BEGIN INFORMATION SUPPLIED

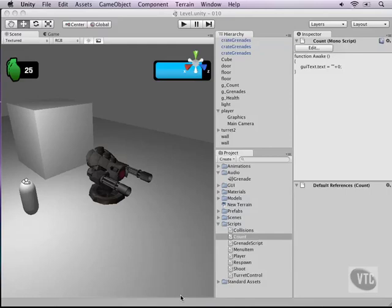Now for the moment we've all been waiting for: how to export our game and share it with others. I'm very excited about the game we've built so far, so I want to export it.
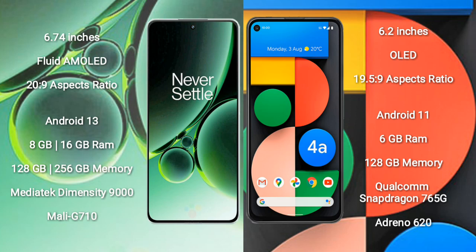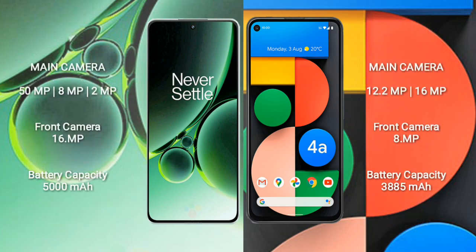OnePlus Nord 3 features a MediaTek Dimensity 9000 processor and a Mali-G710 GPU. Google Pixel 4a comes with 6GB RAM and 128GB internal storage, a Qualcomm Snapdragon 765G processor, and an Adreno 620 GPU.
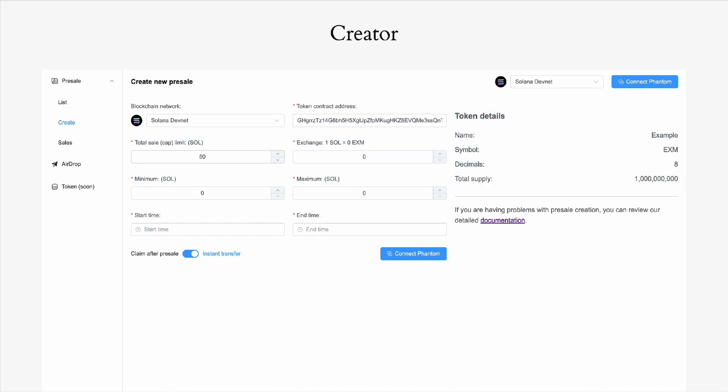We determine the total amount of SOL we want to raise and the amount of tokens that investors will receive for one Sol.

END INFORMATION SUPPLIED

(WHAT THE TASK REQUIRES) Return the material as it stands. Leave out the pictures.

(ANSWER SECTION)
Now for the moment we've all been waiting for: how to export our game and share it with others. I'm very excited about the game we've built so far, so I want to export it.
OnePlus Nord 3 features a MediaTek Dimensity 9000 processor and a Mali-G710 GPU. Google Pixel 4a comes with 6GB RAM and 128GB internal storage, a Qualcomm Snapdragon 765G processor, and an Adreno 620 GPU.
We determine the total amount of SOL we want to raise and the amount of tokens that investors will receive for one Sol.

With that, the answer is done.